The royal treatment – ty – patent license royalties – Direct Line – Brief Article

A patent is pending on my food-product invention, and more than one private-label business has expressed great interest in buying the licensing rights.

What can I expect in terms of licensing royalties as I negotiate with these businesses?

C. V., Farmingdale, N.Y. Several licensing experts say it’s tough to advise you without having detailed knowledge of your product and the prospective licensees you’re dealing with.

However, John Wiedemann, a Cleveland patent attorney, offered a few issues for you to consider before taking your place at the negotiating table–preferably with an attorney who would represent your interests.

He says royalties for a licenser are often around 25 percent of the profit a licensee can expect as a result of using the patented invention.

So, let’s say you have developed a way of making a better-tasting hot dog and that you and a licensee agree that using your patented approach will increase the profit on each hot dog sold by 10 cents.

Following Wiedemann’s rule of thumb, you might negotiate for royalties of 2.5 cents on each hot dog the licensee sells.

Whether you can expect more or less than that percentage depends on many factors, Wiedemann says. One crucial issue is whether your invention is perceived as an earthshaking development by players in the industry who might take advantage of it, or whether it is viewed simply as a small step forward.

Another common issue that can affect the value of the deal is your willingness to give a licensee exclusive rights to use your invention.

%u have to look at all the different business ramifications of granting the license,” says Wiedemann, an attorney with the firm of Calfee, Halter, and Griswald.

He also suggests that you consider these matters:

* If you give a manufacturer exclusive rights to your invention, make sure the contract provides for an annual minimum royalty payment. If a licensee has a bad sales year, you still would receive some financial benefit from your invention.

* If you’re dealing with manufacturers in a specific industry, find out how deals between licensers and licensees in that industry are usually structured.
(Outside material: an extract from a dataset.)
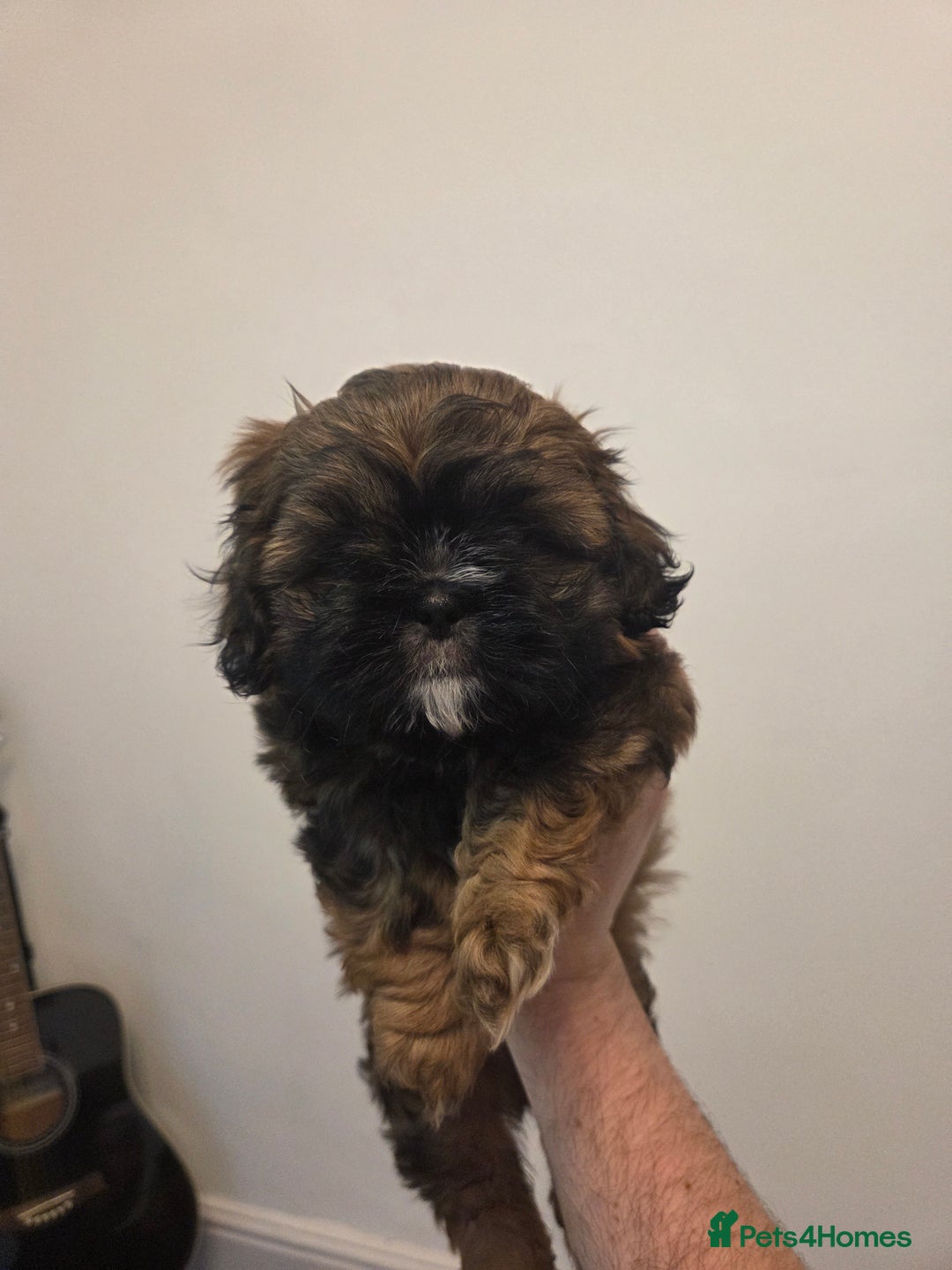 Shih Tzu dogs for sale: Stunning kc imperial shih tzus - Image 2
An industry norm can provide insights into what you can expect.

* Require any licensee to include your patent number on the product. If a third party were to steal your idea after seeing your licensee’s product, the presence of the patent number would help your case if you sued for damages for patent infringement, Wiedemann says. Without the patent number, you likely could collect only damages that applied to the time after you filed your lawsuit, he says, because the suit would be regarded as the first “official notice” of patent infringement to the other party.